I think I loaded up my schedule with so many different things in an attempt to avoid facing the problems in my marriage head-on.

I'm not only working a lot, but I'm volunteering a bunch even beyond what I already do at my church. This is in addition to taking care of the kids and the house. In other words, I'm running around like a chicken with my head cut off.

The other day I was rushing from one event to another, hoping nobody at the next meeting would notice that I didn't even get to take a shower that day because my schedule had been so hectic. I made it just in time to the meeting and while I was listening to the presenter I thought to myself, "Okay, enough is enough."

I've always liked to stay busy, but this has gotten way out of hand. There are too many people expecting too many things from me, and I'm feeling stretched way too thin.

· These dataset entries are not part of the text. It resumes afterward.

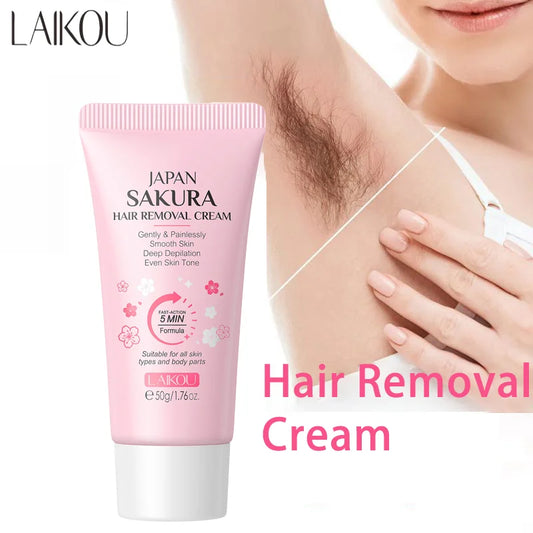 Laikou Painless Hair Removal Cream – Gentle Care for Intimate & Body Areas (50g)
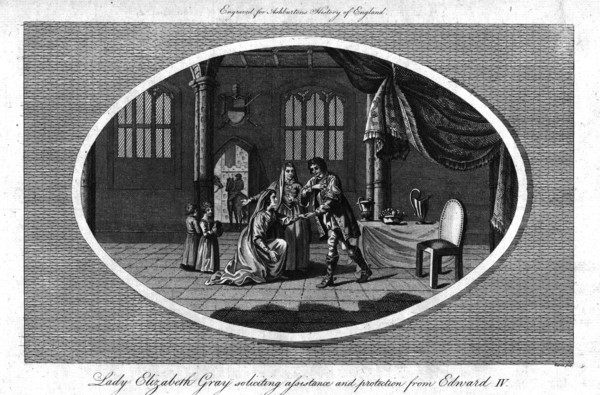 'Lady Elizabeth Gray soliciting assistance and protection from Edward IV', (1793). Creator: Warren.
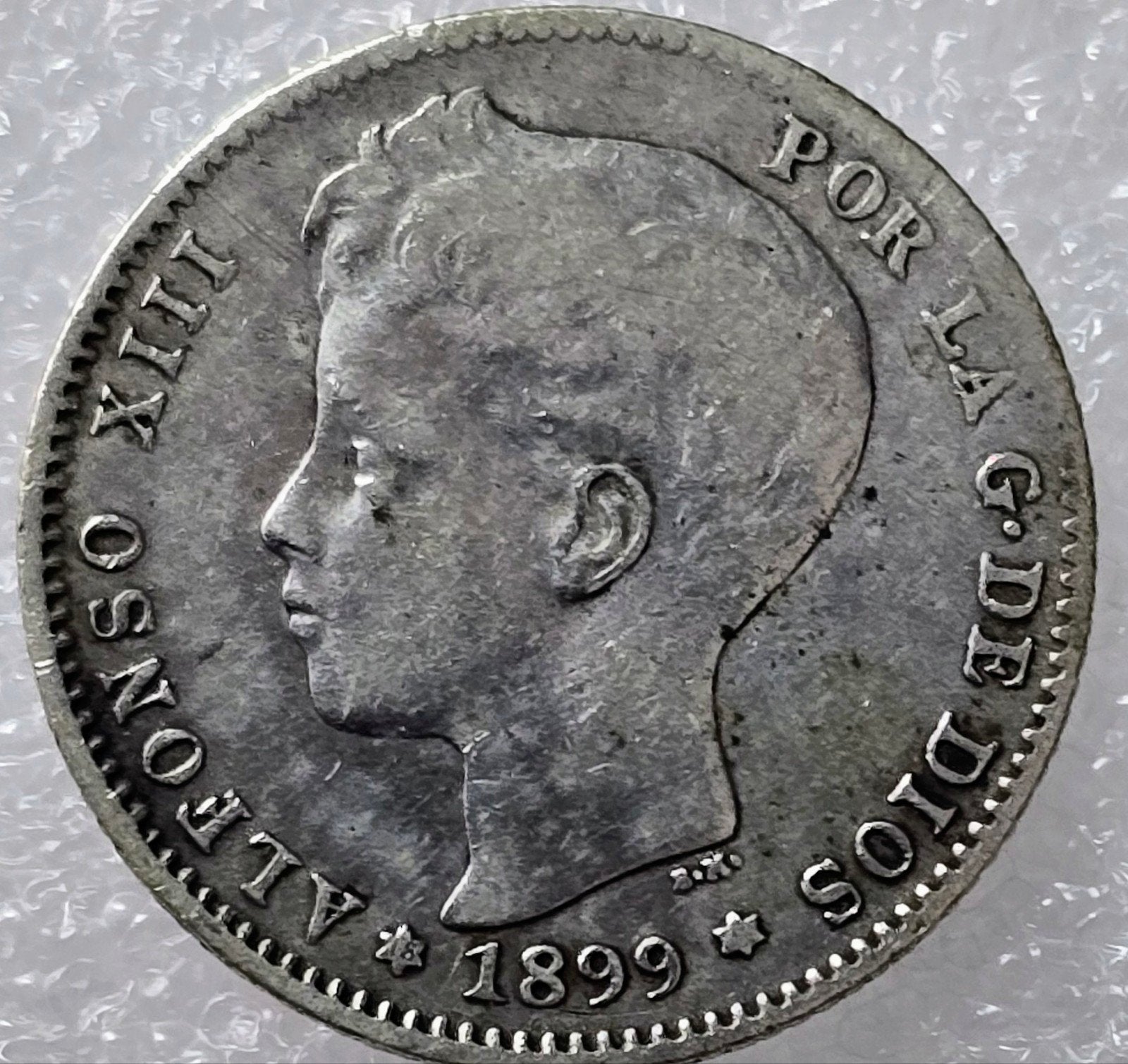 Spanje 1 Peseta 1899 Alfonso XIII 3e portret, Ophalen of Verzenden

This weekend I started telling a few people that although I had thought I would be able to help them with their projects, I just can't. I turned down a couple of writing jobs. I removed myself from some volunteering schedules.

I'm trying not to feel guilty about letting people down, but I think I'm quickly reaching a breaking point if I keep going at this pace, and that breaking point won't be pretty.

I don't know if this is going to help my relationship with my husband, but I can't see where it would hurt. If I'm a little less stressed — and not avoiding spending time with him — then maybe it will help us to face everything and figure out just what the heck we're doing.